I bought a used Celestron 9.25" SCT a while ago, and it was in perfect alignment at that time. It was easy for me to pretend it was much like a refractor and that the alignment would stay perfect. When it eventually went out of whack I started to tweak it as if I was working with my f/5 Dob. The fact that it came with Bob's Knobs encouraged me to do my tweaking in the field, leading to dreadful alignment. That was no fault of the knobs, I just didn't know what I was doing.

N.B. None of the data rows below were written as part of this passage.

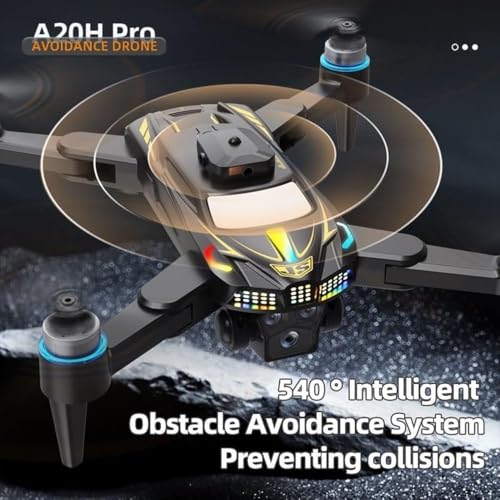 Image of 4k rEmOtE CoNtRoL DuAl cAmErA DrOnE 1080P Wi-fI SeLfIe gEsTuRe rC DrOnE WiTh oBsTaClE AvOiDaNcE BrUsHlEsS MoToR OnE KeY TaKe-oFf & lAnDiNg 4.5 iNcH LcD DiSpLaY (T6 PRO)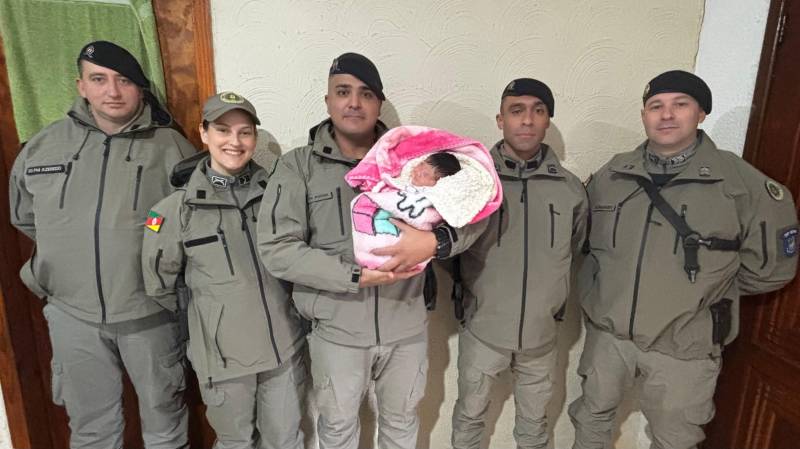 Policiais Militares salvam vida de recém-nascida em Palmeira das Missões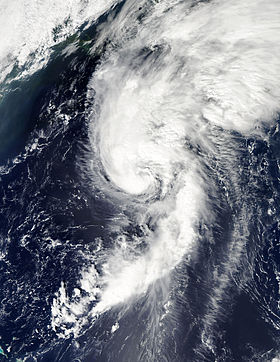 Ouragan Maria le 15 septembre à 17 h 40 UTC se dirigeant vers Terre-Neuve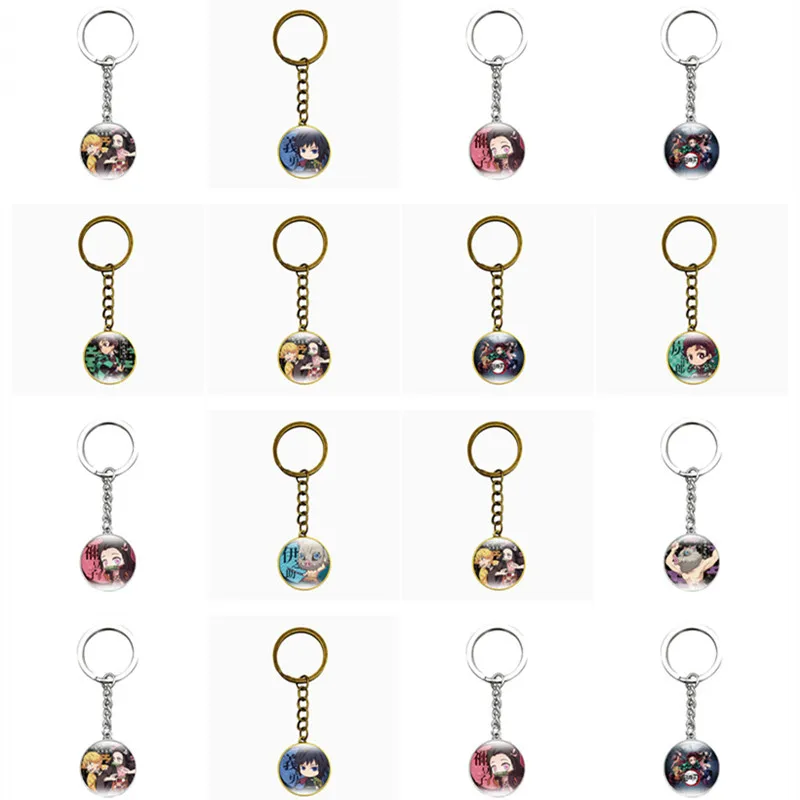 

Anime Devil's Blade Around Carbon Zhilang Pendant Beanie Time Gem Keychain Pendant Keyring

It took a couple of nights of dreadful images to convince me that I need to do a careful alignment of the scope. If you want to see a good explanation of how to go about this, look at Thierry Legault's instructions. He basically suggests a three step approach:

1. Course Alignment

This is the traditional centering of the secondary shadow within the defocused star. While this can be done by eye, I found it was useful to employ an imaging device to display the star. (An Orion StarShoot Autoguider works great for this.) Using this method lets you employ a nice program by Gilbert Grillot that overlays red concentric circles on whatever you're using for imaging.

2. Higher Magnification Alignment

Repeat the first step with higher magnification and using a dimmer star. You're once again centering the shadow. You'll use a shorter focal length eyepiece or a Barlow. I used a 4X Barlow with the SSAG.

3. Diffraction Ring Alignment

With the star focused you examine the diffraction rings. They should be concentric circles, and you have to carefully adjust the alignment until they are.

I did steps 1 and 2 indoors using the Hubble Optics Artificial Star. Step 3 required that I have the Hubble "star" a greater distance from the telescope than I could attain.

Here's the change in images:

Before (L) and After (R) the two-step alignment (click to enlarge)
These are from different nights and are of different targets, but it's abundantly clear that the Before image is awful--and it's worth noting these images are unscaled crops from the center of the image. I won't show you the field edge stars of  the Before, they're that bad. Here are a couple of stars from the above crops to emphasize the improvement:
Before and After (as above), 5X actual size
That blob on the left is actually a star. The elongation of the After star is due mainly to tracking error on a breezy night. Doing steps 1 and 2 led to much better stars across the entire image.
HELPFUL HINTS for Indoor Collimation:
Put your scope on a controllable mount. Every alignment adjustment will shift the star's position, and it's much easier to reacquire the "star" if you can use the mount's hand control.

Disable Tracking. The "star" isn't moving like a real star, so your scope shouldn't be trying to track it. Some mounts may allow you to turn off tracking, but my CGEM doesn't have that capability. However, it does have hibernate mode. If you have a CGEM, point your scope at the "star," activate hibernation, and leave the power on. Your hand control's RA and Dec motion buttons will still operate. 

You may have to use extension tubes. Start with the largest diagonal you've got, and then add extensions as needed. Remember, for steps 1 and 2 you don't need to reach focus, you just have to get the defocused star to fit into the field of view.